I'm having a very wierd emotional day today. Today is Corbin's 7 month Angelversary so naturally I'm a bit down as I expected but we got an offer on our house yesterday and are in counter-offer process right now. I'm excited over the possibility of having sold our house and we've also found "the house" for us and am excited to put an offer in on that as well (even though it's stressful). It seems as though the universe has aligned itself and everything will work out with our home situation. I'm excited to move but also sad to be leaving the only home Corbin ever knew. So I'm happy, I'm sad and I have major ADD today. It's a crazy experience to be smiling and jumping up and down with tears in my eyes.
In memory of Corbin Scott 10/28/11-12/3/11.
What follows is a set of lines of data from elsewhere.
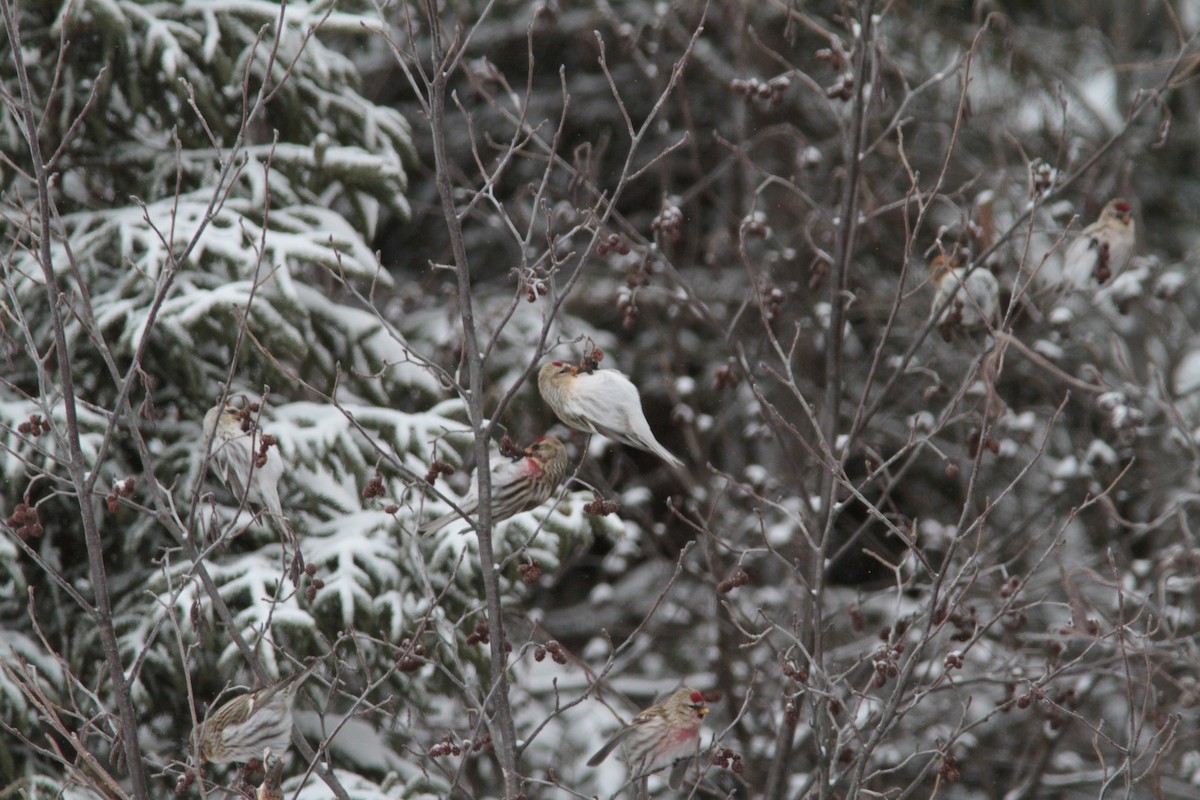 Hoary Redpoll - ML80435601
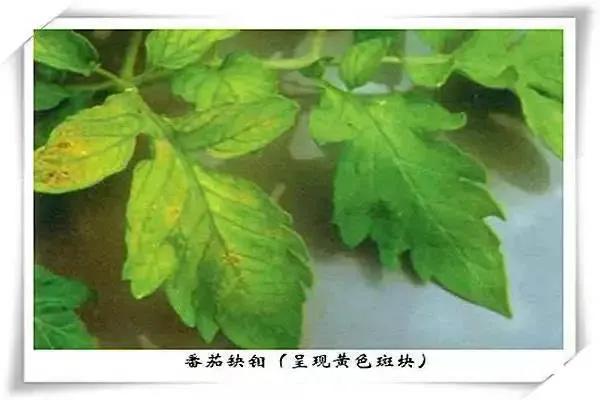 土壤缺钼怎么办,植物缺少钼元素会有什么结果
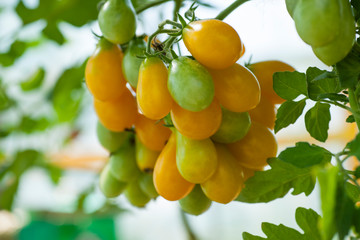 Tomato plants in greenhouse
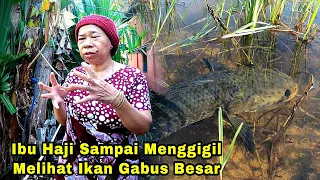 Awal Najur Hasilnya Lansung Bikin Ibu Haji Menggigil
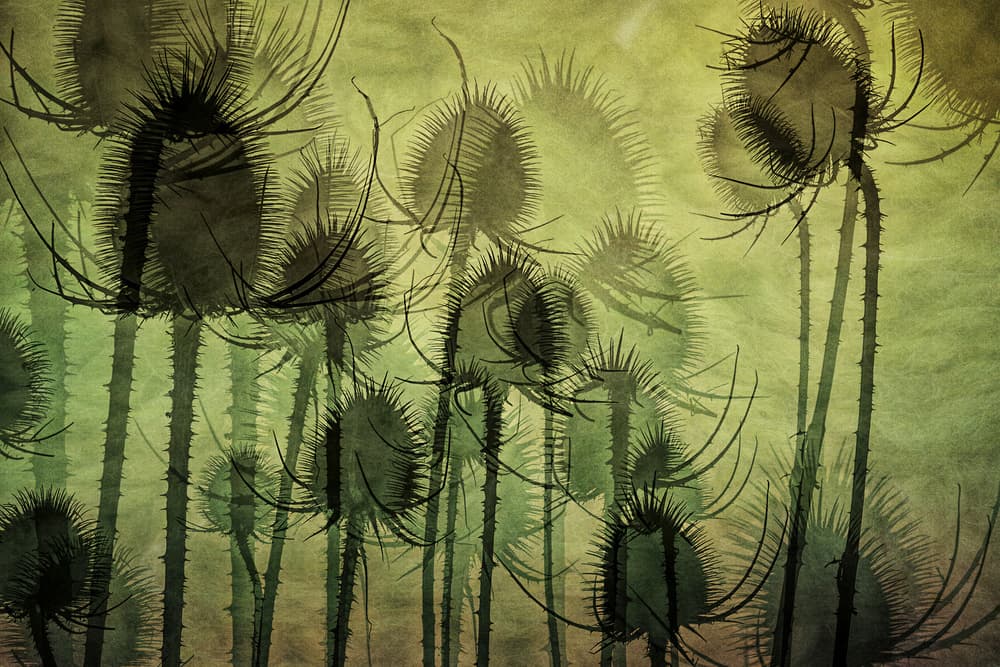 Wild Teasel by Nel Talen — canvas wall art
Heaven got another angel the night you left this world behind
Heaven got a little better the day it took you away from me
Missing you tonight, see you again sometime
For now I'll close my eyes and dream of heaven tonight
I'll love you forever
I'll like you for always
Now and Forever
My baby you'll be
corbinsmommy.blogspot.com
Re: Wierd Day
Today is also 7 moths since we said goodbye to Savannah - I am there with you in your sad emotion. Best of Luck with the house, both of them, and keep your chin up !
*HUGS*
Congrats on the offer! I imagine it'll be pretty emotional with all those feelings going on inside but I know Corbin is just so proud of you and DH.